If all the linear dimensions of the solar system were reduced in some proportion, then what will be the length of Earth’s year?
The gravitational force between the Earth and the Sun is in the radial direction and its magnitude is given by the Newton’s equation
F = G*M*m/r^2
where G is the gravitational constant, M and m are the masses of the Sun and the Earth respectively and r is the radius of the orbit.
In case of the circular motion the net force equals mass times acceleration (Newton’s Second Law of Motion), where acceleration could be calculated by ω^2*r or (2π/T)^2*r , where ω – the angular velocity and T – the period of one rotation.

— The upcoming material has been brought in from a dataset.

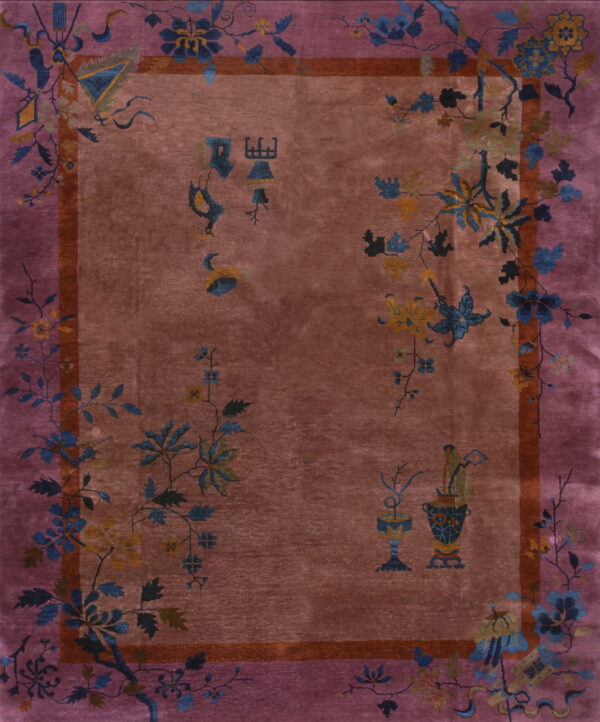 Ornate rosy brown rug with a wide mauve border and detailed blue and yellow floral vine and object designs.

F = m*a = m*ω^2*r = m*(2π/T)^2*r
from the last formula and the Newton’s Gravitational Equation we could get
G*M*m/r^2 = m*(2π/T)^2*r
G*M = (2π/T)^2 * r^3
Represent the mass of the Sun as a function of R and ρ, where R – the radius of the Sun and ρ – the density of the Sun.
M = ρ * (4/3*π) * R^3
G * ρ * (4/3*π) * R^3 = (2π/T)^2 * r^3
T^2 = (3π/(Gρ))* (r/R)^3
From the last equation, it is clear that the length of Earth’s year (period of one rotation) depends from the density of the Sun and from the ratio of the radius of the orbit to the radius of the Sun. According to the problem, all the linear dimensions of the solar system were reduced then the length of Earth’s year remains the same. Of course, if the density of the Sun will remain the same.